How To Install WildFly On CentOS 7
In this tutorial, our objective is to install WildFly on an unmanaged CentOS 7 server. WildFly is a managed application runtime server and Java software platform used to provision Java applications and services. It is an open-source software which is consistently being improved by its user community. While the WildFly software remains open-source, if paid support is needed, it is provided by Red Hat who currently develops the software (apart from the community forums). Some may be more familiar with WildFly's previous name, which was JBoss AS. RedHat continues to develop its version of this software under the JBoss EAP name.
Here is a summary of the prerequisites and environment that we will be using in this tutorial.
|Category||Requirements, Conventions or |
Software Version Used
|OS||CentOS 7 (Unmanaged)|
|User Type||Root/basic Linux user|
|Task Difficulty||Medium (A basic working knowledge |
of the command line is required)
|Other||The Latest version is 19.0.0. Beta3 but in this tutorial |
we will use 18.0.1 which is last stable version.

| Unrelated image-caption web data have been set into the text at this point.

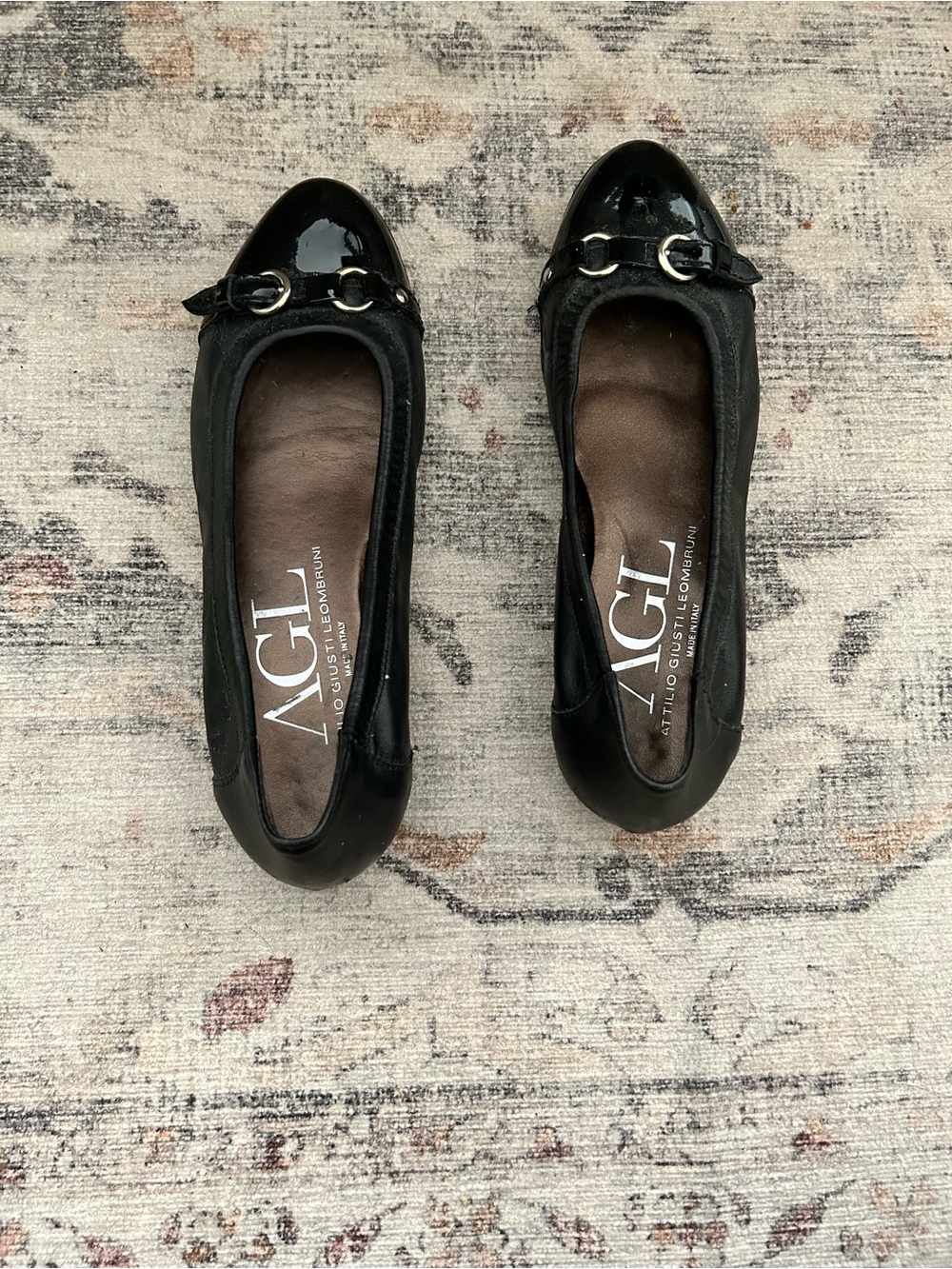 AGL Black Leather Ballet Flats with Patent Toe and Horsebit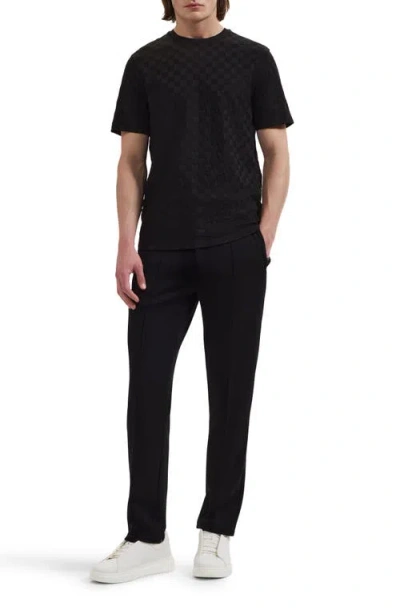 Bugatchi Check Jacquard Mercerized Cotton T-shirt In Black
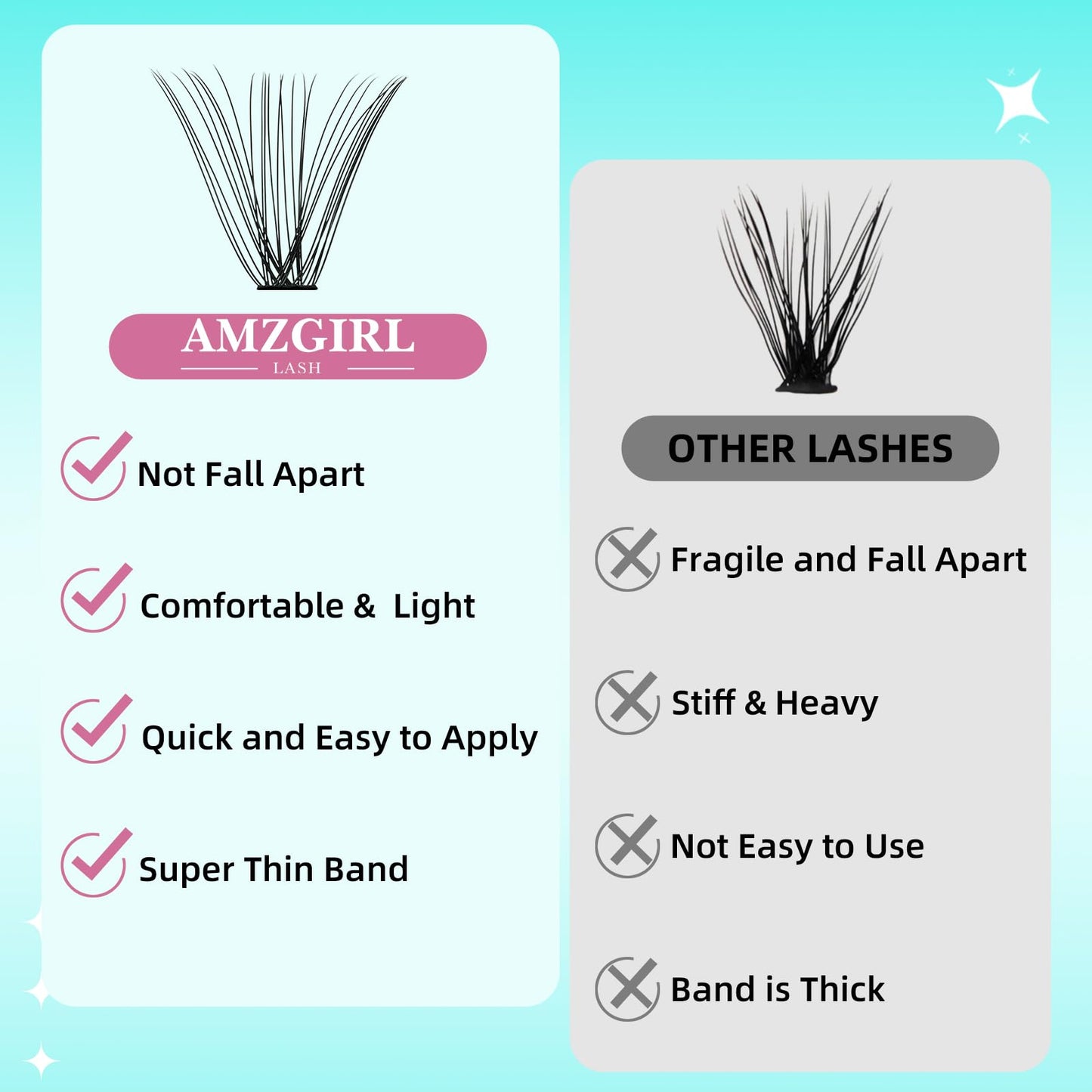 AMZGIRL LASH Lash Clusters Wispy 280PCS Eyelash Extension 50D Cluster Lashes Individual Lashes DIY Lash Extension Natural Look Cluster Eyelash Extensions Soft False Eyelashes at Home for Beginners(12mm)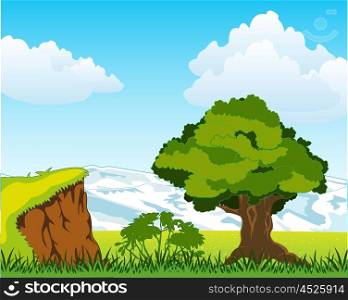 Colorful landscape of the snow mountains and glade with tree. Landscape with mountain and tree
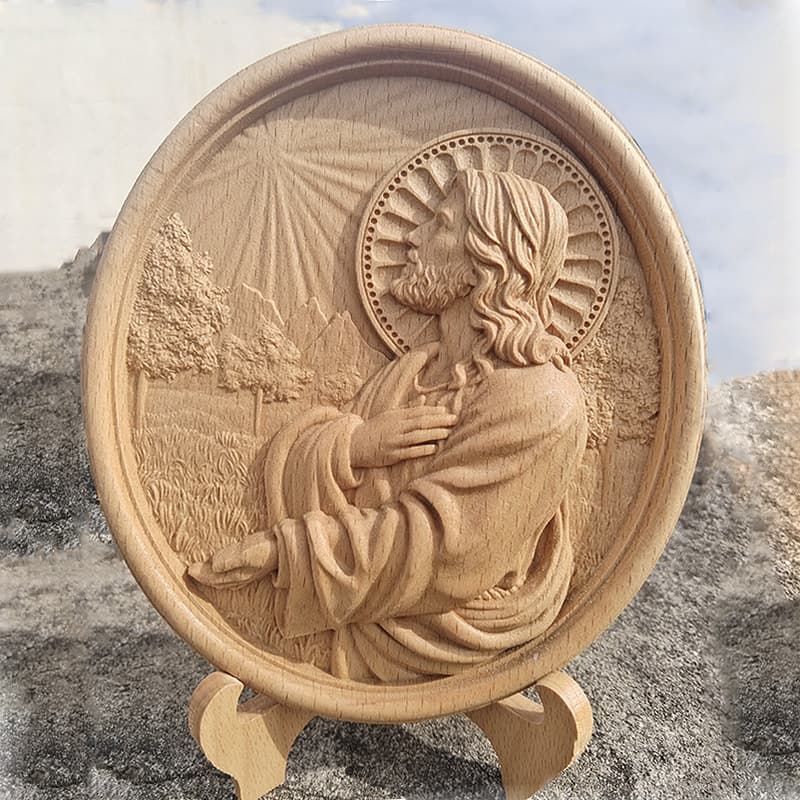 Cross-border Relief Craft Catholic Jesus Holy Family Round Plate Ornament Beech Wood Craft Study Group Gift Decoration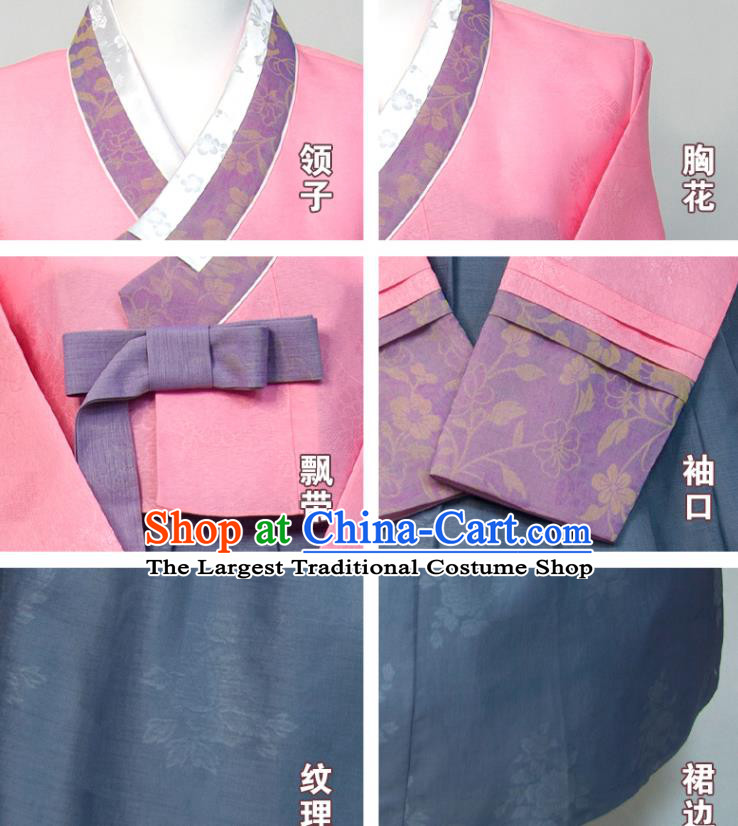 Korean Festival Clothing Woman Traditional Fashion Pink Blouse and Grey Dress Wedding Bride Costumes Court Ceremony Hanbok
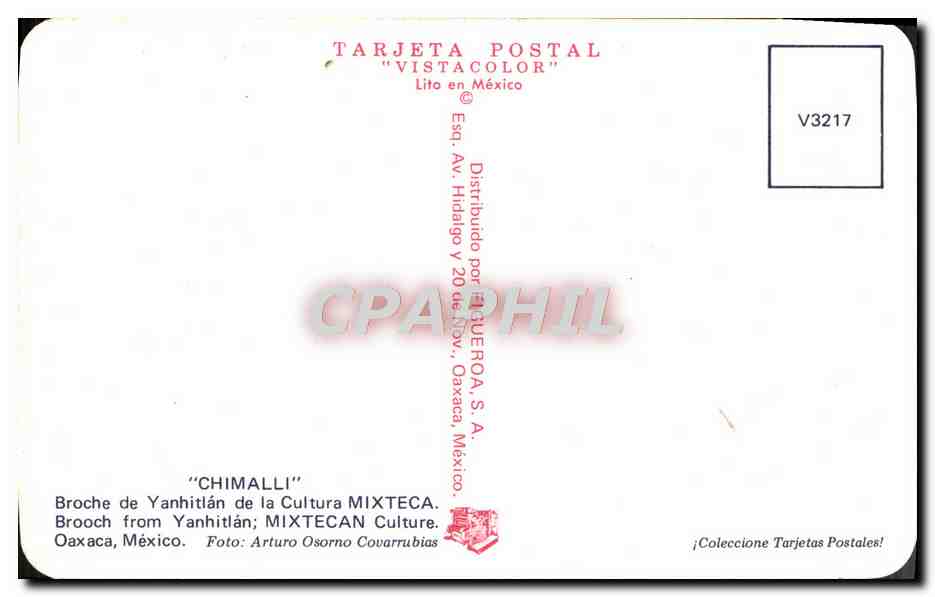 CPM Mexico Broche de Yanhitlan de la Cultura Mixteca — Rückseite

Our first step before doing any work on the server is to ensure we have the latest updates and software installed. To accomplish this, we will run the following commands.
root@host:~# yum check-update root@host:~# yum clean all root@host:~# yum update
OpenJDK (or the Open Java Development Kit) is a free and open-source implementation of the Java Platform, Standard Edition. It is one of the most popular open-source Java platforms used today. We will be installing OpenJDK prior to installing WildFly.
Initially, we need to log in to the server via SSH as the root user. The first command we will run will install the OpenJDK software. This installation will produce quite a bit of output, which we have concatenated for brevity.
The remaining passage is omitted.